Description of the task
What lines in the records below hold the string "Honda"? Please show them.

Dataset excerpts
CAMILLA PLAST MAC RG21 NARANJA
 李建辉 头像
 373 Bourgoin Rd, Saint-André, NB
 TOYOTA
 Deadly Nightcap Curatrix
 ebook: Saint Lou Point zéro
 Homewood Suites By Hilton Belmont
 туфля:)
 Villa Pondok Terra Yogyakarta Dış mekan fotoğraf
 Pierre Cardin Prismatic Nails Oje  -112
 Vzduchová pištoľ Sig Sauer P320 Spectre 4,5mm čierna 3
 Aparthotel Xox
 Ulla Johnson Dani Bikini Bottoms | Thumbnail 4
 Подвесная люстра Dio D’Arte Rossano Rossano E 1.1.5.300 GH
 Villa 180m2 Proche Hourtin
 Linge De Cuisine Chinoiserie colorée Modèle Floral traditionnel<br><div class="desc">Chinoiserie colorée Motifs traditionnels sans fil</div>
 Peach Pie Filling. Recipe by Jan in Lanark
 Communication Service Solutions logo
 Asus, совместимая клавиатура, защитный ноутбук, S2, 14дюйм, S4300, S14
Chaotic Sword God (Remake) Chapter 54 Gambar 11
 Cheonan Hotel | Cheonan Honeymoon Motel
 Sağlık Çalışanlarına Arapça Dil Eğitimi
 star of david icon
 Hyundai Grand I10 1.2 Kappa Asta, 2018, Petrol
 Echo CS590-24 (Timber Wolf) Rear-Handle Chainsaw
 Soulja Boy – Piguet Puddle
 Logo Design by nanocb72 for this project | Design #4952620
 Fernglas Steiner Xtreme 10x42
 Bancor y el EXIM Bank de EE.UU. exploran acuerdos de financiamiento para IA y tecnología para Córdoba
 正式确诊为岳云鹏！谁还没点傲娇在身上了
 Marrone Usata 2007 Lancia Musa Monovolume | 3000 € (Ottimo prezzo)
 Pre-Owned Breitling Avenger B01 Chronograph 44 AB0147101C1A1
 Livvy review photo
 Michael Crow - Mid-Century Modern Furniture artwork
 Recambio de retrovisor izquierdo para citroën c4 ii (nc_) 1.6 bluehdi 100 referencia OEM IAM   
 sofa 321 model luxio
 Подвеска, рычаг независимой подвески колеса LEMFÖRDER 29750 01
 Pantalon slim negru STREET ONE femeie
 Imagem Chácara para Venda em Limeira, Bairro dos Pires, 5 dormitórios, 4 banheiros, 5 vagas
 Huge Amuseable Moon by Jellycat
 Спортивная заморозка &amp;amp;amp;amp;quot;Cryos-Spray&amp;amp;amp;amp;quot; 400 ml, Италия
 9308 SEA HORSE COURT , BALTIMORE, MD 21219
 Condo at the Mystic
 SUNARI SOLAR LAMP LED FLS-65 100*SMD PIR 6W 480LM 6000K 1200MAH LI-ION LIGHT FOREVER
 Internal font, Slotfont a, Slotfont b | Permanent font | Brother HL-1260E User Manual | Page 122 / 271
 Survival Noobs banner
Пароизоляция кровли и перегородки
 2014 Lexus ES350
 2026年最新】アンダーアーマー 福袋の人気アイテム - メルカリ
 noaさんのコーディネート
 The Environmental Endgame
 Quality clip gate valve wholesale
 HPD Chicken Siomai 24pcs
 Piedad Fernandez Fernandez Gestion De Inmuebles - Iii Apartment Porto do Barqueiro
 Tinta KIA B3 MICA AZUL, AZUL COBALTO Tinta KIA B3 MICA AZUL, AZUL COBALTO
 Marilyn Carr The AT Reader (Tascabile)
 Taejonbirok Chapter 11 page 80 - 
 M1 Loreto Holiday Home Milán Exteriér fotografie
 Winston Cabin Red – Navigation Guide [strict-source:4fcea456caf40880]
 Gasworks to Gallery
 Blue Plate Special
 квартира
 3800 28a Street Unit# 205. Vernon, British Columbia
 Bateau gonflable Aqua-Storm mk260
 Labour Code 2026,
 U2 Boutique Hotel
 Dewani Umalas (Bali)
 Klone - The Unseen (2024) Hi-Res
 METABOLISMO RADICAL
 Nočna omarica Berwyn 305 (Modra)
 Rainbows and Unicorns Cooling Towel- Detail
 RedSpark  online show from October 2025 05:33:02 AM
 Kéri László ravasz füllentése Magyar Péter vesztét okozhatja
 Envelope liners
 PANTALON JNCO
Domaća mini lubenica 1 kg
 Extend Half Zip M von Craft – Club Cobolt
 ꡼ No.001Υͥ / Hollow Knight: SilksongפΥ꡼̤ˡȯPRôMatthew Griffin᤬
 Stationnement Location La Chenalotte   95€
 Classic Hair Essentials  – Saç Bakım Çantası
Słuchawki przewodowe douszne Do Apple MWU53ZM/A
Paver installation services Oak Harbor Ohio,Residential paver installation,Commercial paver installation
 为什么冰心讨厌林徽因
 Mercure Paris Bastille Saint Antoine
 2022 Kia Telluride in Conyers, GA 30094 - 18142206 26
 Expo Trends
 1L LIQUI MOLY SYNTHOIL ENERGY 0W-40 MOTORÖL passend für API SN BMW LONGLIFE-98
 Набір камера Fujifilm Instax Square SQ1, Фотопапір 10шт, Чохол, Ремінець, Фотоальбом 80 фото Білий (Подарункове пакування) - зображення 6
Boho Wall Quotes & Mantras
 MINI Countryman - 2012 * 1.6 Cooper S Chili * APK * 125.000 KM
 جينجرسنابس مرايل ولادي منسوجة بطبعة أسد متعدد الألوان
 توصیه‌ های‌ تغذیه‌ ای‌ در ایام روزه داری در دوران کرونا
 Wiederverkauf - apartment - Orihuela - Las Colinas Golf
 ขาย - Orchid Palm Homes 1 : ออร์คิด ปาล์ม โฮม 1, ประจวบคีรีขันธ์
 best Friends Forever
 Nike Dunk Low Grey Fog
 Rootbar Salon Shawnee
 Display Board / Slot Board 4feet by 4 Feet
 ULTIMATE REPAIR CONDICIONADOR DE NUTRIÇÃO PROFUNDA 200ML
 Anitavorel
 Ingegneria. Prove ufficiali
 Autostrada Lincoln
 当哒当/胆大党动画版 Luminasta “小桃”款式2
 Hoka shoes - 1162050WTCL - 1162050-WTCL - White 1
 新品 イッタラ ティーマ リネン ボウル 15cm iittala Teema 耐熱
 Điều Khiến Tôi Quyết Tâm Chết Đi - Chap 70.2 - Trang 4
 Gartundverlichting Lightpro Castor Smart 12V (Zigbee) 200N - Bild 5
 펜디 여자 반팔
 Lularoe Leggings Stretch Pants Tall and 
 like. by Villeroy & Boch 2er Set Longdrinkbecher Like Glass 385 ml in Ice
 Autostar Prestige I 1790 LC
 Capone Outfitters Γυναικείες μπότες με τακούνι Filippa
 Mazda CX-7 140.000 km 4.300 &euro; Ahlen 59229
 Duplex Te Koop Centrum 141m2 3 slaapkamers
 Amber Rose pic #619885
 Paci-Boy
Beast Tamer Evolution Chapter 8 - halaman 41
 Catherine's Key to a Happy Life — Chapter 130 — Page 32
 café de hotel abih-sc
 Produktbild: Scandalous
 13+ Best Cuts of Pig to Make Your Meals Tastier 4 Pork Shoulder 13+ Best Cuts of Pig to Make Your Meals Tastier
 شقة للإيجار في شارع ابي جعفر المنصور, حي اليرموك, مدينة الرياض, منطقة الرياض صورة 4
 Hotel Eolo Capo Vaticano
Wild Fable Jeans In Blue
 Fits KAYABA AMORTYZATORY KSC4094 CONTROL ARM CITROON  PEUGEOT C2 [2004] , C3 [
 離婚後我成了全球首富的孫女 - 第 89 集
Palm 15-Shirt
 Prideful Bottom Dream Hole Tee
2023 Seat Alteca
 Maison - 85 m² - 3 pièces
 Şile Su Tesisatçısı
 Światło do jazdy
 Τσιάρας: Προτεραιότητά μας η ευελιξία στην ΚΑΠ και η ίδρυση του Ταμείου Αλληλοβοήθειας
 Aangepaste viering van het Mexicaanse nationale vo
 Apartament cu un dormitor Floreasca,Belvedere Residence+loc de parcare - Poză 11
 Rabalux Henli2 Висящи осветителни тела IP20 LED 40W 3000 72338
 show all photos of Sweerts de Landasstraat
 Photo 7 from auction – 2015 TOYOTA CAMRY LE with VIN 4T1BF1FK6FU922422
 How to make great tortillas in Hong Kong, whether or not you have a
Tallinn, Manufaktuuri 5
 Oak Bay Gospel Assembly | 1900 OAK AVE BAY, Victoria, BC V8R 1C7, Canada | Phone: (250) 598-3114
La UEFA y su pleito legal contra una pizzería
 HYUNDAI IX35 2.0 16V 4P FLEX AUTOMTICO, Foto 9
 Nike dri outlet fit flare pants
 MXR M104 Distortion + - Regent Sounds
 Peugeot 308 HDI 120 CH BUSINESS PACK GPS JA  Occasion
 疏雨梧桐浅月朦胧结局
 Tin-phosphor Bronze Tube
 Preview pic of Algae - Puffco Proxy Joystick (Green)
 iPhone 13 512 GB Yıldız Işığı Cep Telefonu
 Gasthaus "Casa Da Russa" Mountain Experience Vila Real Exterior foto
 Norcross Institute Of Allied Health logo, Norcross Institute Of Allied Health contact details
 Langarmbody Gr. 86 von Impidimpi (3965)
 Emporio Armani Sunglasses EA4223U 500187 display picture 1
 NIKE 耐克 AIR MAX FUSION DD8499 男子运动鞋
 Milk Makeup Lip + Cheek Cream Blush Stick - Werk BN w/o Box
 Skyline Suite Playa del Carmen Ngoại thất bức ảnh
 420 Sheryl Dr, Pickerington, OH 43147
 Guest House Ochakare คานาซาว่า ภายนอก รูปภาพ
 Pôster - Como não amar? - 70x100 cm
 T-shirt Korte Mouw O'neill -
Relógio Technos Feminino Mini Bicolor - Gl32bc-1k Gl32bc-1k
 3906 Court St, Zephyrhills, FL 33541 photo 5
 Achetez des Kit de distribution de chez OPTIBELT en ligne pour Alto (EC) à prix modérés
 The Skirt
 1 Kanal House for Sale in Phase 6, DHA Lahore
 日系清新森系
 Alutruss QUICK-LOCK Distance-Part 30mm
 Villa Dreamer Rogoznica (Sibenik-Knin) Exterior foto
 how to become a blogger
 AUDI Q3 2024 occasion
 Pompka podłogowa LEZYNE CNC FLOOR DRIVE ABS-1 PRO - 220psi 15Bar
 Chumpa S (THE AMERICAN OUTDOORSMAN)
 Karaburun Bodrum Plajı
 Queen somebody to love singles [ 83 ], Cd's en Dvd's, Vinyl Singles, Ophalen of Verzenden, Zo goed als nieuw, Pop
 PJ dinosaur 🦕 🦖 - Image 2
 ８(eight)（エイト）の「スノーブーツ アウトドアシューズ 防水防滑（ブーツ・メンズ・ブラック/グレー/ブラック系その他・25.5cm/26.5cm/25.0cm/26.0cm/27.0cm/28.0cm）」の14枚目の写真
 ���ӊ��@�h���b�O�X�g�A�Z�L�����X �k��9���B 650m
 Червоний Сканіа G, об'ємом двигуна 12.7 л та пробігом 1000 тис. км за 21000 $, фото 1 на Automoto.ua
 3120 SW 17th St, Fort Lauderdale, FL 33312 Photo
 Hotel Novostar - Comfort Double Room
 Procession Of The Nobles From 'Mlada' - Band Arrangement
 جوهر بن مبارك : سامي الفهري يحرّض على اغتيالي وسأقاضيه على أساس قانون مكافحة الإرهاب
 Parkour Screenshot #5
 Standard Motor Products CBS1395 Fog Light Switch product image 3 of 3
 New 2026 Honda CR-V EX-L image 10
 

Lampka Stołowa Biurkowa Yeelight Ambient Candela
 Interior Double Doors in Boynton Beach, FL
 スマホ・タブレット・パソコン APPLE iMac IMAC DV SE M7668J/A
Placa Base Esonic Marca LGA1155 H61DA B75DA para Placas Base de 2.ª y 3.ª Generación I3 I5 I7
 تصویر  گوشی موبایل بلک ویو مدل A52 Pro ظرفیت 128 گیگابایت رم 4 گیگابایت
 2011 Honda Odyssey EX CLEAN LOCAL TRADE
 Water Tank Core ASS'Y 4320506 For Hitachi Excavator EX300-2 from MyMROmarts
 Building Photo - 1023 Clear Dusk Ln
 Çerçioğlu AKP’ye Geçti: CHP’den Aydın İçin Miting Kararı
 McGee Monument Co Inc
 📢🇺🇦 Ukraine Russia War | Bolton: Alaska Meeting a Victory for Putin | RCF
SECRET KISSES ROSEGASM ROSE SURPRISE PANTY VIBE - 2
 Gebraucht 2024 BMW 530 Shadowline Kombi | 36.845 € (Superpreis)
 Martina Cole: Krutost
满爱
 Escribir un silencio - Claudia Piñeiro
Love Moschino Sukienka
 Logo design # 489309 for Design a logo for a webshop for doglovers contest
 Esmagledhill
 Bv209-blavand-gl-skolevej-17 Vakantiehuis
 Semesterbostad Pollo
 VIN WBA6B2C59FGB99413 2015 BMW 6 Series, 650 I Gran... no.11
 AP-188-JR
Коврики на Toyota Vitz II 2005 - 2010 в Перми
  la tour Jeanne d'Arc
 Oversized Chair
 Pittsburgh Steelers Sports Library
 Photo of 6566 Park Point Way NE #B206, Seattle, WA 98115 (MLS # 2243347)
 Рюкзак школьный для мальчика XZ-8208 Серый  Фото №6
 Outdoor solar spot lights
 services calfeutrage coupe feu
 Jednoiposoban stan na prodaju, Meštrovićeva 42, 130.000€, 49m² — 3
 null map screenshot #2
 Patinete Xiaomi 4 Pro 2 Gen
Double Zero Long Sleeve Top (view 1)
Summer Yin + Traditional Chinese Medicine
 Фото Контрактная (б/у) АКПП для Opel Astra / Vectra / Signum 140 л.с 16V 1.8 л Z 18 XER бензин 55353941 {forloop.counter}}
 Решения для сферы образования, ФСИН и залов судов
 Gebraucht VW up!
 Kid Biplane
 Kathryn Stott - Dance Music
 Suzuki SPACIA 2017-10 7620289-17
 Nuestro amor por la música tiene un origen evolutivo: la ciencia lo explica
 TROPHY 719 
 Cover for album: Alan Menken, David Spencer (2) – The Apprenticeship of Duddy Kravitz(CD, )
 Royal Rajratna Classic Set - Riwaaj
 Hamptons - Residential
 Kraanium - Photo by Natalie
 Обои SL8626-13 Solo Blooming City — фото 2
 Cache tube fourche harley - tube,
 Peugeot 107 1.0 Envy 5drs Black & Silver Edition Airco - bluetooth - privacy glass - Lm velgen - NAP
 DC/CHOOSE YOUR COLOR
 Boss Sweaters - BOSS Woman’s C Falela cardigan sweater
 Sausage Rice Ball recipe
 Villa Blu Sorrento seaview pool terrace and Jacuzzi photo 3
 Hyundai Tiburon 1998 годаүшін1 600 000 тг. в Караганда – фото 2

Response to the exercise
 New 2026 Honda CR-V EX-L image 10
 2011 Honda Odyssey EX CLEAN LOCAL TRADE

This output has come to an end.